Several hours after departing Atlanta en route to São Paulo, I sat upright in my seat and stared into the blackness outside my window. I struggled to find a restful position, but instead found a sharp pain in my neck. Sleep deprivation began to alter my perceptions and send me into a parallel world. My internal reality spilled over onto the scenes outside my window.
The boundary between the ocean and sky blended in perfect darkness, while a scattering of stars sparkled above me. In my waking-dream state, I imagined the stars were distant torches on the shores of another world.
And then I saw a single point of light looking up from the sea. Was it an island? A boat? Once again, my altered perceptions created a story.
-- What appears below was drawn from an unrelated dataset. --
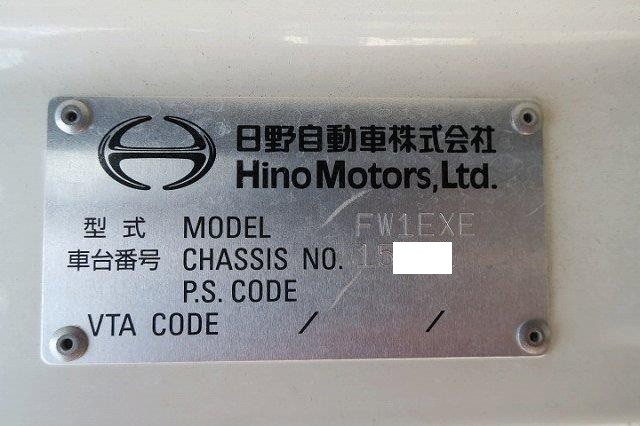 中古トラック 日野アルミウィング #24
In my waking-dream, I imagined a single house surrounded by coconut trees, white sand beaches, and coral reefs. A man lived all alone on that little island, hundreds of miles from the nearest neighbor. In that very moment, he tossed in his bed because in his dream he felt me watching from the plane 30,000 feet above.
As I envisioned the man tossing in his sleep, a feeling of sadness washed over me. Suddenly I was the man on the island, totally isolated and alone, while my heart ached for my children.
This altered form of reality persisted as long as the darkness remained, even as we passed the brilliant lights of Caracas, Venezuela, and the blackest jungles of interior Brazil. But in the end, the sun rose over the eastern horizon and dispelled the haze of my sleep-deprivation.
As we landed in São Paulo, Sheli and I looked forward with positive expectations for an easy connection to our next flight. By the way, the photograph at the beginning of this post is a scene of São Paulo as our plane landed.